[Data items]
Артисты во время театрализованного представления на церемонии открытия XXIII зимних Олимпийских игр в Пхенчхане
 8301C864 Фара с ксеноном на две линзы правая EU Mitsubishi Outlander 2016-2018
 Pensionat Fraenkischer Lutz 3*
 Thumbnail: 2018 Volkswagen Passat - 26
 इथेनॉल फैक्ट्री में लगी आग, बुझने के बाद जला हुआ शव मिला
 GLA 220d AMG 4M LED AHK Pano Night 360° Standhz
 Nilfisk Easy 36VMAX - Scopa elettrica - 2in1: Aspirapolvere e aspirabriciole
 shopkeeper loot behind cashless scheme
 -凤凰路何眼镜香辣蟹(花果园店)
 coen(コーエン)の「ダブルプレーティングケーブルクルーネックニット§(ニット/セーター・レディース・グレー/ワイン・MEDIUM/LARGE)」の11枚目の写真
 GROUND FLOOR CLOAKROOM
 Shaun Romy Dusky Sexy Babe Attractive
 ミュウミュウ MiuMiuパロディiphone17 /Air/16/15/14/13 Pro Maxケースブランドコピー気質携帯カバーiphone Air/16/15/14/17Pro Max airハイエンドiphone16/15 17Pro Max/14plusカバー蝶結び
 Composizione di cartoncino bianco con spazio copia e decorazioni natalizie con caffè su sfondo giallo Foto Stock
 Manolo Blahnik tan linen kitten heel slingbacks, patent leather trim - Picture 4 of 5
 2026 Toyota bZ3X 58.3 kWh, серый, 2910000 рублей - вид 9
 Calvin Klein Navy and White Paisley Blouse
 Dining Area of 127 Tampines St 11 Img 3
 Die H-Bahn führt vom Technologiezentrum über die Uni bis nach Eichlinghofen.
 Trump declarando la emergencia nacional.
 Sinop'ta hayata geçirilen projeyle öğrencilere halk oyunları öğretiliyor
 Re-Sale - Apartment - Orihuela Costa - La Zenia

Aim of the task: Verbatim output is expected for the lines from the start of the data to the line in which "Dining Area of 127 Tampines St 11 Img 3" appears, both included.

Answer to this exercise:
Артисты во время театрализованного представления на церемонии открытия XXIII зимних Олимпийских игр в Пхенчхане
 8301C864 Фара с ксеноном на две линзы правая EU Mitsubishi Outlander 2016-2018
 Pensionat Fraenkischer Lutz 3*
 Thumbnail: 2018 Volkswagen Passat - 26
 इथेनॉल फैक्ट्री में लगी आग, बुझने के बाद जला हुआ शव मिला
 GLA 220d AMG 4M LED AHK Pano Night 360° Standhz
 Nilfisk Easy 36VMAX - Scopa elettrica - 2in1: Aspirapolvere e aspirabriciole
 shopkeeper loot behind cashless scheme
 -凤凰路何眼镜香辣蟹(花果园店)
 coen(コーエン)の「ダブルプレーティングケーブルクルーネックニット§(ニット/セーター・レディース・グレー/ワイン・MEDIUM/LARGE)」の11枚目の写真
 GROUND FLOOR CLOAKROOM
 Shaun Romy Dusky Sexy Babe Attractive
 ミュウミュウ MiuMiuパロディiphone17 /Air/16/15/14/13 Pro Maxケースブランドコピー気質携帯カバーiphone Air/16/15/14/17Pro Max airハイエンドiphone16/15 17Pro Max/14plusカバー蝶結び
 Composizione di cartoncino bianco con spazio copia e decorazioni natalizie con caffè su sfondo giallo Foto Stock
 Manolo Blahnik tan linen kitten heel slingbacks, patent leather trim - Picture 4 of 5
 2026 Toyota bZ3X 58.3 kWh, серый, 2910000 рублей - вид 9
 Calvin Klein Navy and White Paisley Blouse
 Dining Area of 127 Tampines St 11 Img 3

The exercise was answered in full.